Cela fait dix ans maintenant, depuis le crépusculaire Bubba-Ho-Tep pour être précis, que nous n’avions pas de nouvelles de Don Coscarelli. Du moins pas au cinéma puisque le monsieur s’est rappelé à notre bon souvenir en 2005 en signant l’un des meilleurs épisodes de l’anthologie Masters of Horror. De projets avortés en fausses annonces, ce maestro sous estimé et touche à tout (chef op’, scénariste, monteur ne sont que quelques unes de ses qualifications) s’est longtemps fait désirer (peut être trop même) mais pas au point de quitter le cœur des aficionados à jamais marqué par la saga Phantasm. Mais comme toutes les bonnes choses ont besoin de fermenter c’est plus en forme que jamais qu’il nous revient avec John Dies at the End. Contrairement à nombre de ses congénères qui se sont soient fait bouffer par le rouleau compresseur hollywoodien (Sam Raimi) ou qui rament inlassablement pour finalement atterrir directement dans les rayons vidéos avec des œuvres efficaces mais mineures (John Carpenter, Joe Dante), Coscarelli lui semble n’avoir rien perdu de son panache d’antan. Mieux, avec son nouveau film, il creuse encore davantage les sillons explorés tout au long de sa filmographie et les alimente de nouvelles et fascinantes pistes de réflexion. Irracontable (au très bon sens du terme), John Dies at the End est un voyage horrifico psychédélique suivant deux glandeurs ayant eu la mauvaise idée d’ingérer une substance pas très casher ! Et pour ceux qui se poseraient la question : non Coscarelli n’accouche pas d’un plaidoyer anti ou pro stupéfiant mais d’une œuvre bicéphale, mutante et totalement perchée ! Fourmillant d’idées toutes plus dingues les unes que les autres (comptez une dizaine par minutes !), John Dies at the End est une sorte d’odyssée hallucinée et hallucinante repoussant toujours plus loin les limites de l’entendement.

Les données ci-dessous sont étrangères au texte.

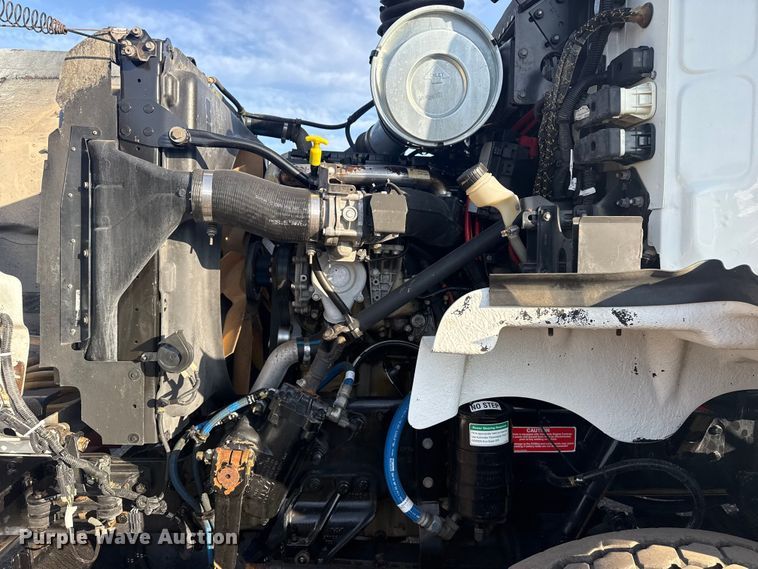 image for item EG1913 2012 Western Star 4900 bucket truck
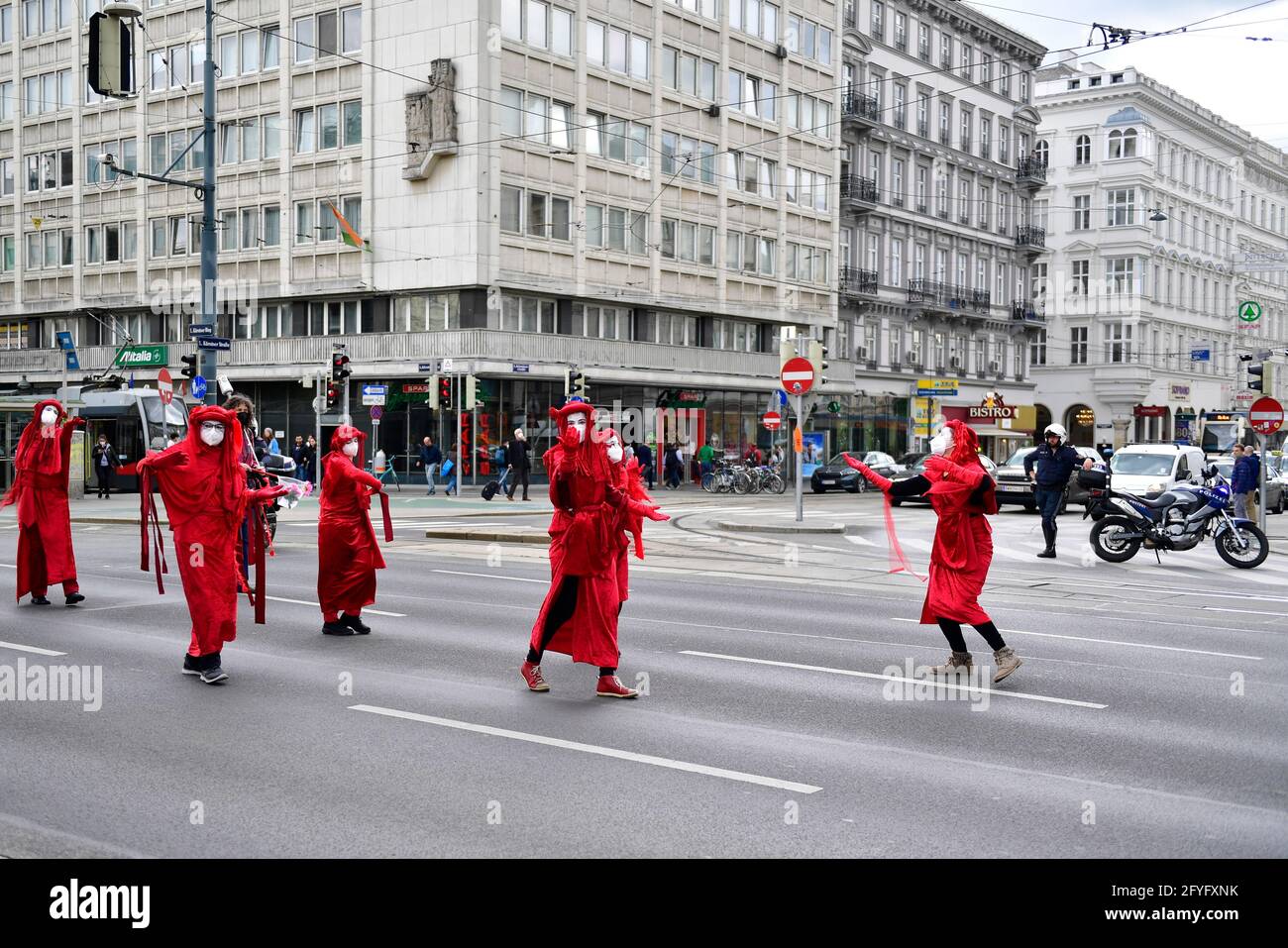 Vienna, Austria. 28th May, 2021. Demonstration of the mobility transition now. Commit to a climate and socially just mobility transition. A joint protest by Frieday for Future, System change-not climate change and Extinction Rebellion. Credit: Franz Perc / Alamy Live News Stock Photo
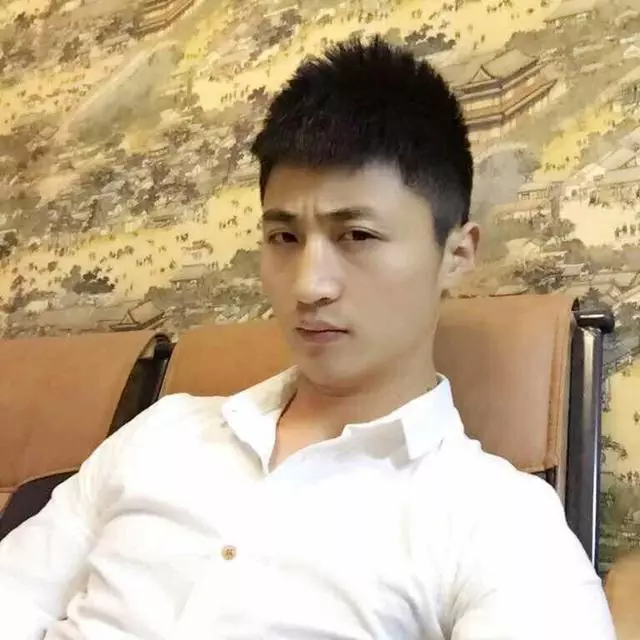 當了7年備胎的男孩轉身娶了別人,婚禮那天她抱著他後悔痛哭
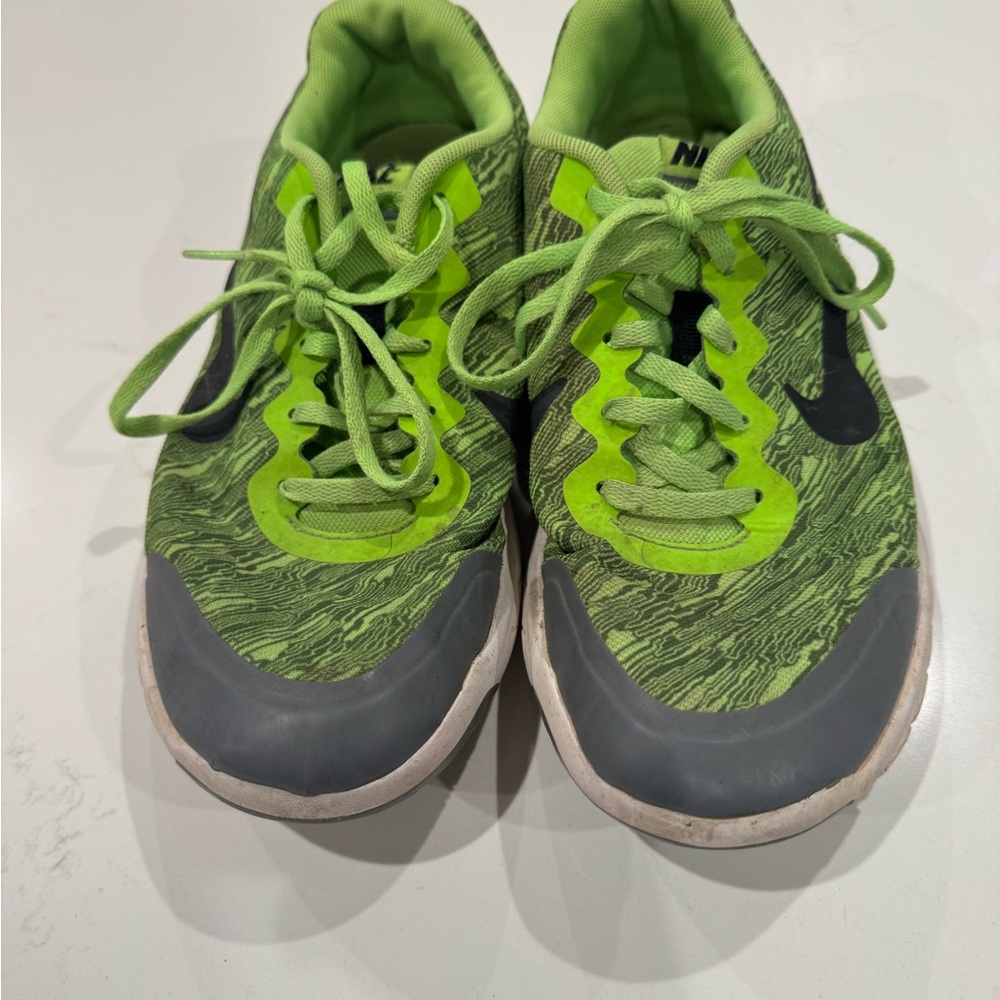 Nike Kids Lime Green and Gray Sneakers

Dis comme ça, le résultat s’annonce pontifiant et beaucoup trop cérébral mais il y a un élément que Coscarelli n’a pas omis de distiller : le fun. Plus comédie que film d’horreur, John Dies at the End fait preuve d’une distance bienvenue avec son sujet sans que cela se fasse au détriment de son ambiance d’inquiétante étrangeté. Un peu comme si David Lynch co réalisait un film avec les Monty Python ! En gros, imaginez un mix sur vitaminé entre Donnie Darko, Las Vegas Parano et La Quatrième Dimension. Vous n’aurez alors qu’une toute petite idée des surprises que vous réservent cette pelloche qui vous embarque dès les premières minutes pour ne plus jamais vous lâcher au point de vous laisser totalement exsangue, voire épuisé ! C’est peut être le seul reproche qu’on pourrait reprocher au film qui ne (nous) s’accorde presque aucun moment de respiration quitte à parfois laisser le spectateur au bord de la route tant la cadence qu’il a amorcé est rapide. Mais pour peu que vous acceptiez de régler votre pas sur celui de Coscarelli, l’expérience ne peut que se révéler réjouissante en particulier pour ses fans auxquels le cinéaste fait ostensiblement du pied en disséminant ici et là quelques références bien senties.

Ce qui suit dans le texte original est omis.